[Image-text web data]
>>>>

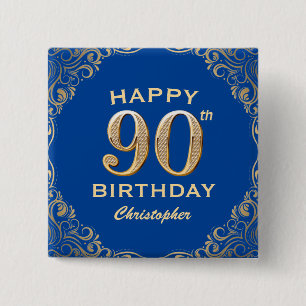 Badge Carré 5 Cm 90e anniversaire Parties scintillant bleue et or c
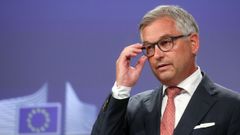 El comisario europeo de Interior, Magnus Brummer, tras una reuni�n telem�tica de ministros del ramo de la Uni�n el pasado 4 de agosto.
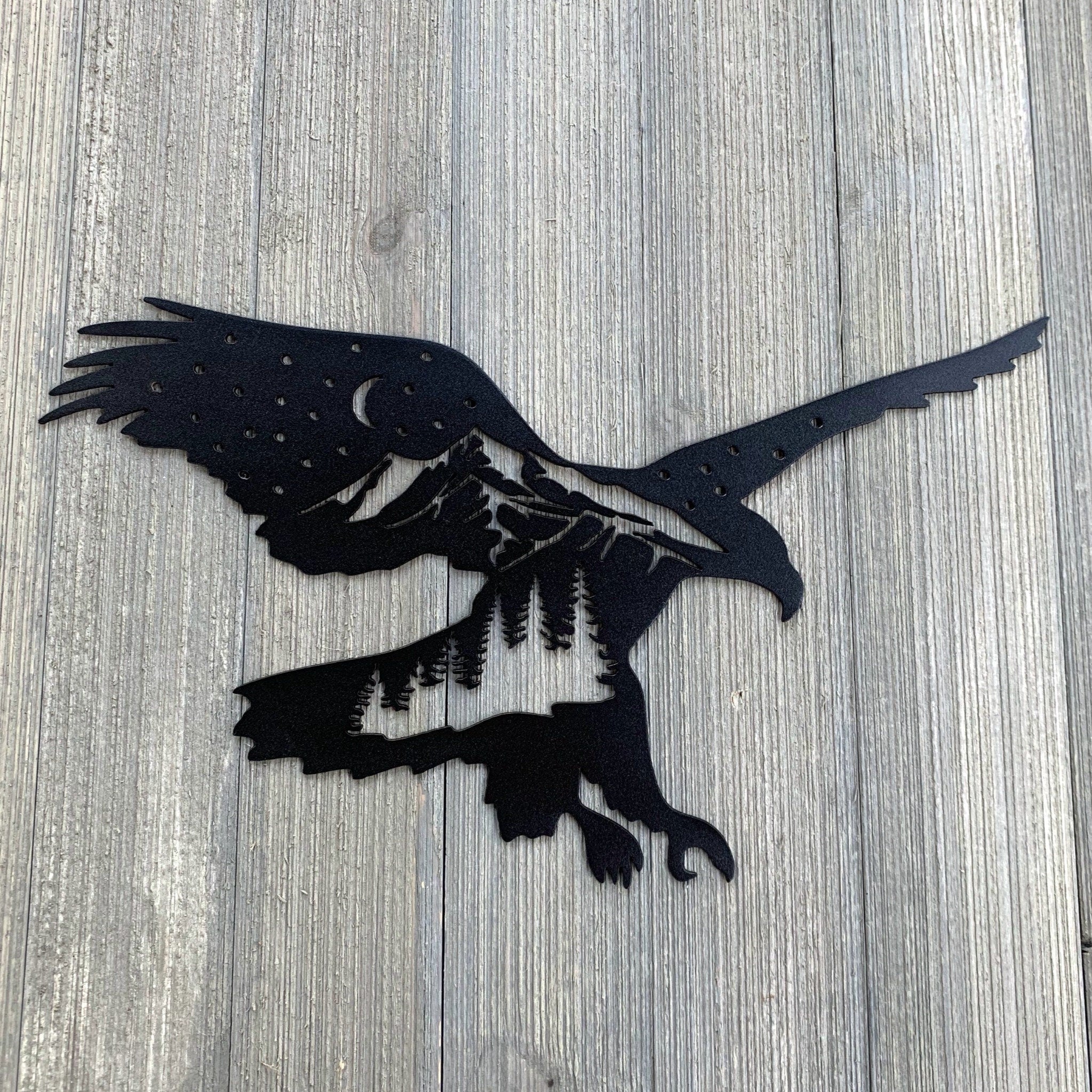 Eagle Mountain Scene Metal Sign Cutout - Powder Coated Metal Sign Featuring a Eagle with a Mountain Silhouette, Trees, Moon and Stars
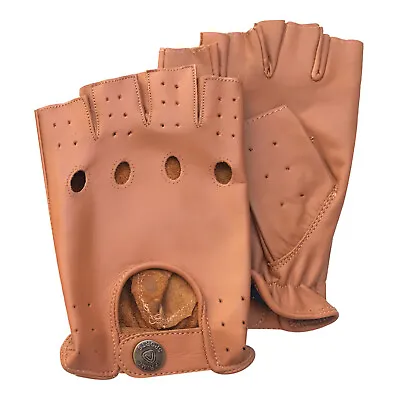 PSS Mens Fingerless Leather Driving Motorbike Bus Cycling Gloves Retro Style 310 • £9.99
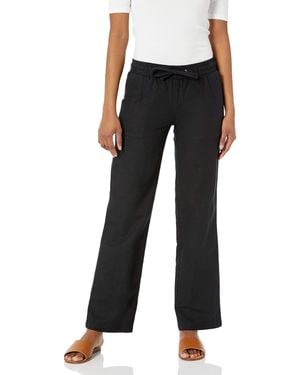 Amazon Essentials Pantaloni a Gamba Larga con Coulisse in Misto Lino Pants - Nero
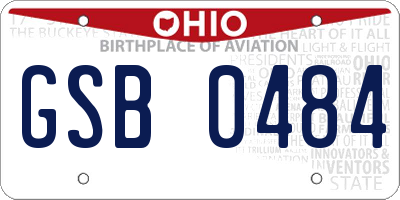 OH license plate GSB0484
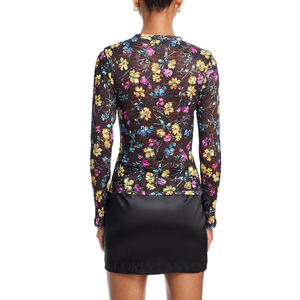 Fabricante de ropa de mujer Tops de encaje fruncidos florales Camisas de manga larga con cuello redondo Estilo de Jersey Top de ajuste regular para mujer - Product Image 5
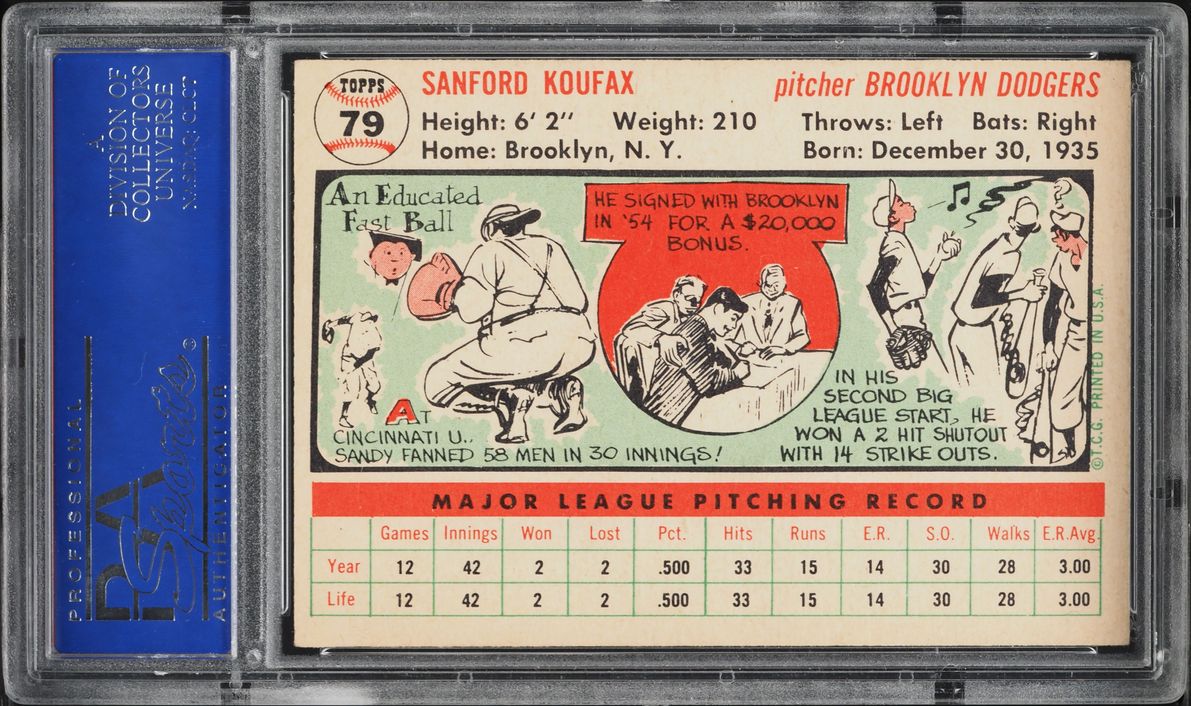 1956 Topps Sandy Koufax #79 PSA 7 NRMT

<<<<

**Problem description**
Return all of the entries exactly as written, but drop any pictures they hold.

**Final answer**
 Badge Carré 5 Cm 90e anniversaire Parties scintillant bleue et or c
 El comisario europeo de Interior, Magnus Brummer, tras una reuni�n telem�tica de ministros del ramo de la Uni�n el pasado 4 de agosto.
 Eagle Mountain Scene Metal Sign Cutout - Powder Coated Metal Sign Featuring a Eagle with a Mountain Silhouette, Trees, Moon and Stars
 PSS Mens Fingerless Leather Driving Motorbike Bus Cycling Gloves Retro Style 310 • £9.99
 Amazon Essentials Pantaloni a Gamba Larga con Coulisse in Misto Lino Pants - Nero
 OH license plate GSB0484
 Fabricante de ropa de mujer Tops de encaje fruncidos florales Camisas de manga larga con cuello redondo Estilo de Jersey Top de ajuste regular para mujer - Product Image 5
 1956 Topps Sandy Koufax #79 PSA 7 NRMT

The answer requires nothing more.